Except that this was Prohibition, the 13 dry years beginning at midnight on 17 January 1920, when the USA declared itself a booze-free-zone - and celebrated by cracking open a bottle or three. The war against Demon Drink was even less successful than today's battle with Wicked Weed. Although repealed in 1933, the teetotal legislation gave the USA a hangover from which it has never recovered.

It is one of the great What Ifs of history. If Prohibition had itself been prohibited in the first place, there would have been no cocktails, devised to hide the taste of the more poisonous forms of alcohol; no bootleggers, so named after the traditional practice of concealing contraband in high boots; no St Valentine's Day massacre, which was Al Capone's way of discouraging Bugs Moran from hijacking his whisky; rather fewer gangsters, who become socially acceptable by delivering the illicit booze and still have their feet firmly under the table; and rather fewer films about rackets (have you seen Casino?).

The story of the alcohol Ayatollahs has often been told, becoming more bizarre each time. Edward Behr's Prohibition is billed as the drinking companion of the BBC2 series which had its final episode last night, and of which he is the, as it were, Godfather. In fact, it stands perfectly steadily on its own two feet. This enjoyable and well-written book begins by explaining that the Volstead Act, so named after Andrew J Volstead who happened to chair the government committee which pushed through the legislation, did not creep up on the country overnight. Alcohol was a pickle from which the USA had been attempting to extricate itself for decades.
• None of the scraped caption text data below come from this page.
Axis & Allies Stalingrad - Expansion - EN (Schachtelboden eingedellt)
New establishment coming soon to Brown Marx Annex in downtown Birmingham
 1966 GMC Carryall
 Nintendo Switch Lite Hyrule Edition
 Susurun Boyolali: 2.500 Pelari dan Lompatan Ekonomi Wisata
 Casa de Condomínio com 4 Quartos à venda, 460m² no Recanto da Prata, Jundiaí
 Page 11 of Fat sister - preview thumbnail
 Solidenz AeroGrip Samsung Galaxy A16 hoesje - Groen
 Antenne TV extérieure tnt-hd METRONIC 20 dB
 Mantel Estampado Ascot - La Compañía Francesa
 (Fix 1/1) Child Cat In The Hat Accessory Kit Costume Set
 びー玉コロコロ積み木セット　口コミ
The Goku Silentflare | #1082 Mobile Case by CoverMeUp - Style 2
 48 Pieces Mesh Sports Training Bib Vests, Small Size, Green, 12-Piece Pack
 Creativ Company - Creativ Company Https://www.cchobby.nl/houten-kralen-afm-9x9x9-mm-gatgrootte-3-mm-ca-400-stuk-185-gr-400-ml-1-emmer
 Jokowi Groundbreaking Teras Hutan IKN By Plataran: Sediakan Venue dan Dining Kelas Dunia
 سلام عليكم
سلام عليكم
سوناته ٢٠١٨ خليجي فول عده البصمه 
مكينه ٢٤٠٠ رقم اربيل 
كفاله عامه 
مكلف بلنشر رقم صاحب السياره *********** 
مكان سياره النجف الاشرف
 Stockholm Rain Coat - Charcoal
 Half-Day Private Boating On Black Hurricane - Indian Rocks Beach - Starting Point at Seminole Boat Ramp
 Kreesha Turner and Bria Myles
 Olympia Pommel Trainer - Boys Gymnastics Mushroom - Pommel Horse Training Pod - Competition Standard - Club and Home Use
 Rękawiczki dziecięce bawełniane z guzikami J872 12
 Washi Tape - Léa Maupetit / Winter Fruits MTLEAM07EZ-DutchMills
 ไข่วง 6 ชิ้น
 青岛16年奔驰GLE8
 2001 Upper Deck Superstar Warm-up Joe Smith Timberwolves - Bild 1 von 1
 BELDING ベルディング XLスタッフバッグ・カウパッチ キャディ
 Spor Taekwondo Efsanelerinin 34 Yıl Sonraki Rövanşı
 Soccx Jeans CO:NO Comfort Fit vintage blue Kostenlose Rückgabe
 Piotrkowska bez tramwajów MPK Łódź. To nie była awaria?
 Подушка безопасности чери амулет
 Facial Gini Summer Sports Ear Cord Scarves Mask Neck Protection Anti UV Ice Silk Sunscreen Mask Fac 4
The early Republic took to the bottle so enthusiastically that "Boston Rum Party" would have been a fitting title for the event which kicked off Independence. Alcohol became a form of currency: 20 gallons of whisky would buy a decent male slave. At the same time, the anti-booze backlash was building up. Well before Independence, the British government had banned spirits from hard-drinking Georgia, although the legislation was abandoned in despair when, just as during Prohibition two centuries later, Georgians merely brewed their own or smuggled supplies in across the state line.

Later, individual areas gradually took the teetotal option. During the Civil War, Maine recruited its own Temperance regiment, which presumably could boast hangover-free soldiers for those early morning battles. Christian ladies who smashed up saloons even had their own newspaper, The Smashers' Mail. The Bible was bowdlerised to delete all references to wine. By 1908, Prohibition was being test-marketed in practically all of Ohio. During WWI, Prohibition seemed rather patriotic, as many of the breweries were owned by Germans. Legislation was passed in January 1919, which left a year's drinking-up time before it was implemented.

As a teetotaller who refused even a glass of champagne in the early hours of 2 May 1997, I would like to find something to applaud about the Volstead Act. Behr finds virtually nothing, apart from a brief decline in cases of cirrhosis of the liver. Alcohol could not be uninvented. The genie was out of the bottle, or rather, fermenting happily inside it. In 1927 there were an estimated 30,000 illegal speakeasies - twice the number of legal bars before Prohibition. By the same year, when Prohibition had almost half its course still to run, the total of deaths from poisoned liquor reached approximately 50,000, quite apart from cases of blindness and paralysis.

Behr uses the dodgy career of George Remus to show how organised crime filled the vacuum left by the legal drinks industry. No relation to Uncle, Remus was that Mr Big of Booze who presented Pontiacs to his lady guests. He had 1,000 salesmen on his payroll - many of them policemen. He reckoned that half his turnover went on bribes. When two Prohibition Agents accidentally stumbled across his drinks factory at the charmingly named Death Valley Farm, a swift phone call to their boss and a few glasses of something strong made them forget all about it.

Remus did finally end up behind bars. Although there is rather too much about his subsequent life story, which is more to do with crime passionnel than Prohibition, this does provide one of the few cheery notes of the 13 unlucky years. His wife cheated him of his ill-gotten gains and ran off - with a former Prohibition Agent.